# Need your suggestions for buy a DSLR . . .



## jero25 (Oct 28, 2011)

I'm planning to buy a DSLR camera . .
Budget is around Rs.40000/- . .
Need your valuable suggestions  . .
Thank you . .


----------



## sujoyp (Oct 29, 2011)

Do you want a discussion or a suggestion  just kidding

Write down what will you shoot , any brand preference, budget of lenses in future


----------



## warrior047 (Nov 2, 2011)

jero25 said:


> I'm planning to buy a DSLR camera . .
> Budget is around Rs.40000/- . .
> Need your valuable suggestions  . .
> Thank you . .



He he .... answer what sujoy asked.
Meanwhile, with that budget I can suggest you to the superb Nikon D5100 @ 38k MRP. Check out else where at 35k if am nt wrong.

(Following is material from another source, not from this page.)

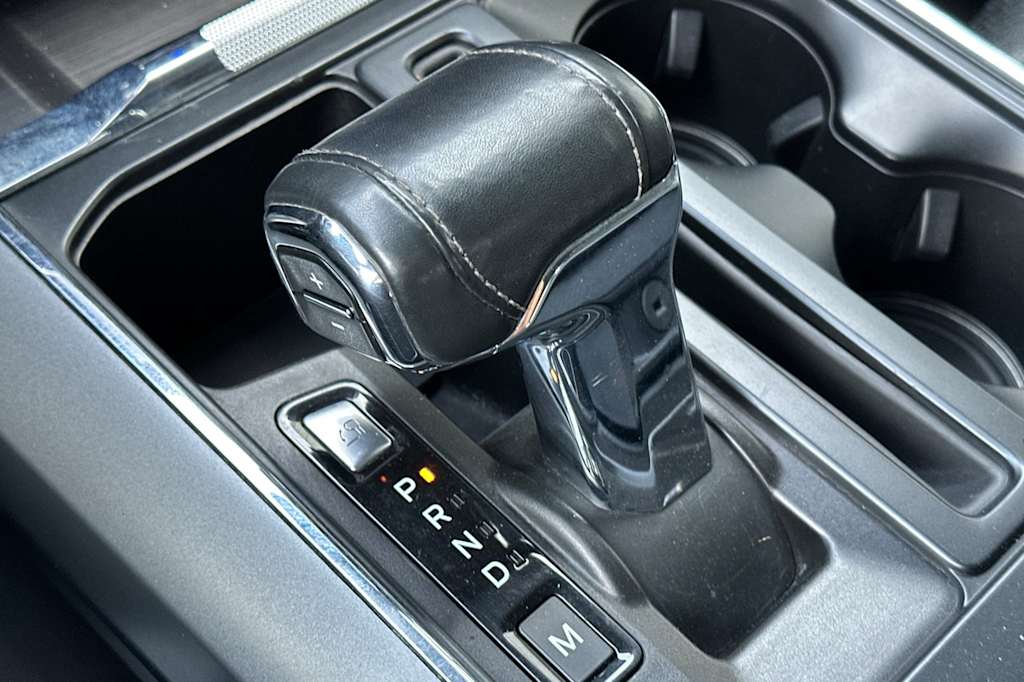 2021 Ford F-150 Lariat 13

This comes only with basic lens.


----------



## sujoyp (Nov 2, 2011)

yaah if I have to give a vague suggestion I will say get D5100 with 18-105 lens....thats a good combo to start


----------



## prabhu.wali (Nov 3, 2011)

may be he can get the  d3100 body only and go for the sigma 18-200mm lens *www.flipkart.com/cameras/lenses/it...ref=7492014a-15ae-464b-a6d6-0f0a8e5f85a4.what say?


----------



## sujoyp (Nov 4, 2011)

Naah sigma 18-200 is not at all a good lens...people do not recommend it anywhere...if anyone want all in one solution get nikon 18-200 VR or Tamron 18-270

Else get canon combo with 18-135 lens ...

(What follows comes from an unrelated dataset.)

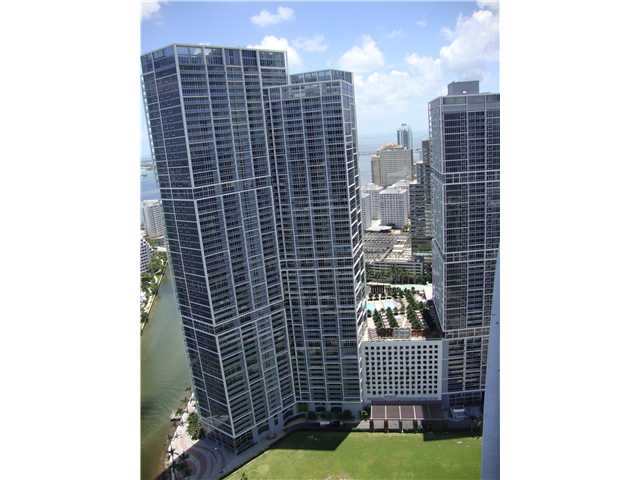 465 BRICKELL AV # 3302, Miami, Florida 33131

Better go for D5100+18-105 for now and get a 55-300 VR later


----------



## prabhu.wali (Nov 4, 2011)

but i thought optically sigma was on par with the nikon and its was the build quality that was the downside in the sigma


----------



## Zangetsu (Nov 4, 2011)

prabhu.wali said:


> but i thought optically sigma was on par with the nikon and its was the build quality that was the downside in the sigma



sigma is good but the number of service center in India is very very less as compared to Tamron & Nikon 

@jero25: get the Nikon D5100.


----------



## sujoyp (Nov 4, 2011)

sigma 18-200 is a compromise at every level...no lens stabilisation...less sharp then Nikkor 55-200 ....no image stabilisation soo poor in low light....have distortion above 150mm...unusable at 200mm 

The tamron 18-270 I am talking about cost nearly 27k and have IS and much better


----------



## prabhu.wali (Nov 4, 2011)

hands down


----------



## sujoyp (Nov 4, 2011)

I would also love to have a 18-200 lens but all good lens of this range cost more then 25k...Nikon 18-200 VRII cost more than 35k


----------



## prabhu.wali (Nov 4, 2011)

sadly yes and even more for the fixed aperture


----------